But many other experiences trigger feelings that are deeply distressing or disturbing, and thus may also be classified as trauma. Situations like moving to a new city, starting a new job or attending a new school, going through a breakup or dealing with long distance in a relationship also are events that can be deeply affecting emotionally.

An Unhealthy Coping Mechanism

An eating disorder, when active, can become a coping mechanism for dealing with emotions and other challenges, and in many ways protects an individual from fully experiencing emotions such as sadness, frustration, anger, but also blunts and numbs positive feelings such joy, happiness, and contentment.

It can effectively bring down the range of emotion and depth of experience of all feelings, and like addictions to drugs or alcohol, protects the “user” from other experiences.
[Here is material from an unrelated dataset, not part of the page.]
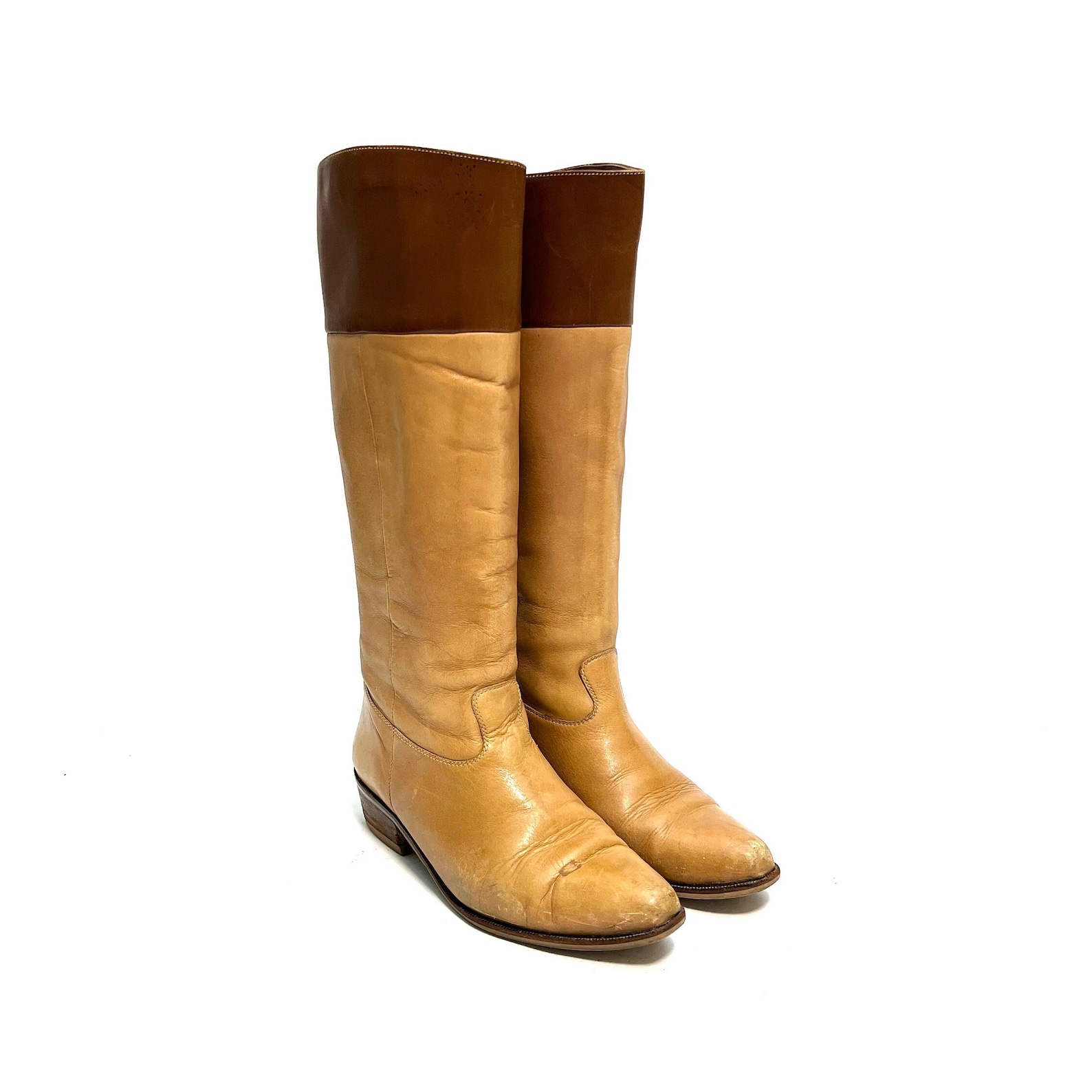 Vintage 1970s Womens Riding Boots // Tan Leather Knee High Western ...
When stepping into a place of recovery, emotions suddenly become more vivid, as the haze of an eating disorder through which they once were experienced is removed.

Deep feelings of sadness, anger, or uncertainty, which were once coped with by restricting or vomiting, suddenly become strong emotions.

When trauma occurs, it is important to acknowledge the impact it has on our lives. Despite the impulse and desire to use behaviors like binging and purging or restricting to avoid feeling the deep emotions, this does not have to be a choice.

Through the process of recovery, a wide variety of coping skills have been learned, whether they were intentionally sought out or just rediscovered through the steps of healing and treatment. A choice can be made to feel the emotions, to call a friend or mentor, or to discovery meaning via writing or reading an uplifting book.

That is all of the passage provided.